This is slightly off topic. But surely this whole discussion is evidence of the gross overvaluation in the residential market. Why should parents have to burrow to help their offspring buy a house?  Of course parental involvement adds to demand further pushing up prices.
  Falling interest rates will continue to support the market this year. But eventually the cycle turns. 
  Furthermore there is a retirement crisis brewing all over the developed world. The problem is not as severe in Ireland as in Japan and continental Europe but basically people are living longer, healthcare is more expensive(including nursing home care) and return on investments will be much lower than the optimistic projections of insurance Co.
 For those outside the public sector on private pensions and those with defined contibution plans, hold on to your money.


----------



## flash (23 Jan 2003)

*EBS family first*

Brendan,

u r still wired 2 the moon 

"or if the parents are close to nursing home stage "

who can estimate this?

Rgds, F


----------



## Liam D Ferguson (23 Jan 2003)

*Re: EBS family first*

I agree with tyoung.  

Last year I was asked to comment on the new higher multiples of salary being offered by lenders.  I said that selfishly I was delighted because it was good for business for me, but I also believed that it would contribute further to house price inflation.  If houses are reaching a level where many FTB's can't get on the ladder, offering bigger mortgages is a very short-term solution to that problem.  (And yes I know the bigger mortgages were a result of lower interest rates and therefore greater affordability, but the effect they had on house prices was the same).  

Now the EBS product.  If it's successful (and judging by the amount of publicity and free discussion it has generated, it probably will be), other lenders will follow suit and it will become even more commonplace for parents to borrow to help their FTB kids.  And so the cycle will continue upwards.  

But if lenders didn't offer these deals, wouldn't that mean that eventually demand would dry up and prices would level out?  Don't get me wrong, I'm not blaming lenders for dreaming up products that will sell - that's what they're in business for.


----------



## endowed (23 Jan 2003)

*EBS advert*

Just going slightly off-topic for a moment, in relation to the EBS advert, it was interesting to read an Advertising Standards Authority for Ireland spokesperson being quoted in last Sunday’s [broken link removed] that _"there is nothing in the ad that obviously breaches the (advertising)code, but we will keep an open mind, it seems to be upsetting people, and there is a provision in our code that says ads should not cause widespread offence."_

Up to last weekend, the ASAI said it had only received two formal complaints. :\


----------



## Tintagel (23 Jan 2003)

*No kids?  Use your EBS mortgage account to your advantage.*

For those of you who have an EBS mortgage, some savings and no children may I offer the following advice.

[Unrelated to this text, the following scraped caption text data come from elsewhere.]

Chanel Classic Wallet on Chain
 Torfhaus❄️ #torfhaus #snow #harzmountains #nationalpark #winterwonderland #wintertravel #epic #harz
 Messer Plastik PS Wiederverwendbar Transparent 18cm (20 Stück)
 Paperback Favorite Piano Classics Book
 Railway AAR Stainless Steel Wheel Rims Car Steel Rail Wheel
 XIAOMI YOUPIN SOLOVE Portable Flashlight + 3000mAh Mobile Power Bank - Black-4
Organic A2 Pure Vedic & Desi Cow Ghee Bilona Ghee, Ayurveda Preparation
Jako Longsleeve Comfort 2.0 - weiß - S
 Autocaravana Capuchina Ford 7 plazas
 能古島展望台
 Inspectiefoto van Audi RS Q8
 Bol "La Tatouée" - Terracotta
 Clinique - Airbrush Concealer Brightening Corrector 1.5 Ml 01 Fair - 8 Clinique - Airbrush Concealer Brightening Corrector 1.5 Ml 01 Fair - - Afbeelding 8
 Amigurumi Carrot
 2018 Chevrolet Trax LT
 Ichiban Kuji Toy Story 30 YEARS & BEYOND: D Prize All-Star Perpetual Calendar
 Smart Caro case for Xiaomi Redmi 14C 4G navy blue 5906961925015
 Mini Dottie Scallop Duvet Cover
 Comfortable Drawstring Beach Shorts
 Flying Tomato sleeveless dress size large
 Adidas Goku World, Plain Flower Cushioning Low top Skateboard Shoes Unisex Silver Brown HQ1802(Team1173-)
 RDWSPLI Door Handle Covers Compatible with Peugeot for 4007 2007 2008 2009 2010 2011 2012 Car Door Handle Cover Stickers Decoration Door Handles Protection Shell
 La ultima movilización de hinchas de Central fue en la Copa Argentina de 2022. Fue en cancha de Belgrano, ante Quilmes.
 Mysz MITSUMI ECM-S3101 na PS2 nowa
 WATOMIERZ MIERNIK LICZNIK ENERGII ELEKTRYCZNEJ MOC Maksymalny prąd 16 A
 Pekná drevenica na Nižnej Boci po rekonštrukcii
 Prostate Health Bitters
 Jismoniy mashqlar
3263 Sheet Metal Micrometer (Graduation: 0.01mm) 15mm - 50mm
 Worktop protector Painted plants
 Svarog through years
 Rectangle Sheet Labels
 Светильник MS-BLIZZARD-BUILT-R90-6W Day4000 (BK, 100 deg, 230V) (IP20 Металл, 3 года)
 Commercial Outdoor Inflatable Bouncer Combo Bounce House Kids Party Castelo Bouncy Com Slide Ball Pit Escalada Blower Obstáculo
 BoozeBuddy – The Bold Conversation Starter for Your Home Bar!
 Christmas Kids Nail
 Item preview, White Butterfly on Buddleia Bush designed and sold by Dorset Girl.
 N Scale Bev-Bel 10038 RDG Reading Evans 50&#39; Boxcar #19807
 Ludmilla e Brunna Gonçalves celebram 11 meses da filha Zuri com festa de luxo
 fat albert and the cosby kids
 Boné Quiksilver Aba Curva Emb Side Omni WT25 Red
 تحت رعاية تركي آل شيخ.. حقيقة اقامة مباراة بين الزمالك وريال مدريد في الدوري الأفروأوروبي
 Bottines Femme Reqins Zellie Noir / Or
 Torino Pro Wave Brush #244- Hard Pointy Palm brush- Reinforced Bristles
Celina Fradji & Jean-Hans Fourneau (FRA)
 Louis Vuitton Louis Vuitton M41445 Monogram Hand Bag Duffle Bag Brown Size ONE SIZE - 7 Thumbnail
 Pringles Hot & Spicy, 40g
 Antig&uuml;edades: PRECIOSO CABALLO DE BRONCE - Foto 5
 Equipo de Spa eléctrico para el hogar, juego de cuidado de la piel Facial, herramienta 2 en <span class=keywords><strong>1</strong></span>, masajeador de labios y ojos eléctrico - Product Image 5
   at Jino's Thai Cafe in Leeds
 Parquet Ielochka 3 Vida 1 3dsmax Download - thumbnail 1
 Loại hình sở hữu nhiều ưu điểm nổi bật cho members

Rather than keep your savings in a deposit account that is paying a miserly amount of interest and DIRT why not do the following.

Transfer your savings in to your mortgage account, not to pay off the capital, but to sit there as a credit in your account. If you have a variable interest rate on your mortgage account you can do this. So instead of getting a lowly 1% on your savings you end up saving 4%+ in interest on your mortgage on the amount lodged. You won't get a better savings rate than this.  

Most financial institutions will let you do this and if you need to withdraw a lump sum simply ask for the amount back from your credit balance. In other words your mortgage account becomes your savings account.

You don't get interest but you save paying interest.


----------



## Marion (23 Jan 2003)

Hi All

I think there are a number of issues here. 

Firstly, the Ad itself annoys me. I note there is only one parent in the Ad - the dad - and the child looking for a mortgage is also male! 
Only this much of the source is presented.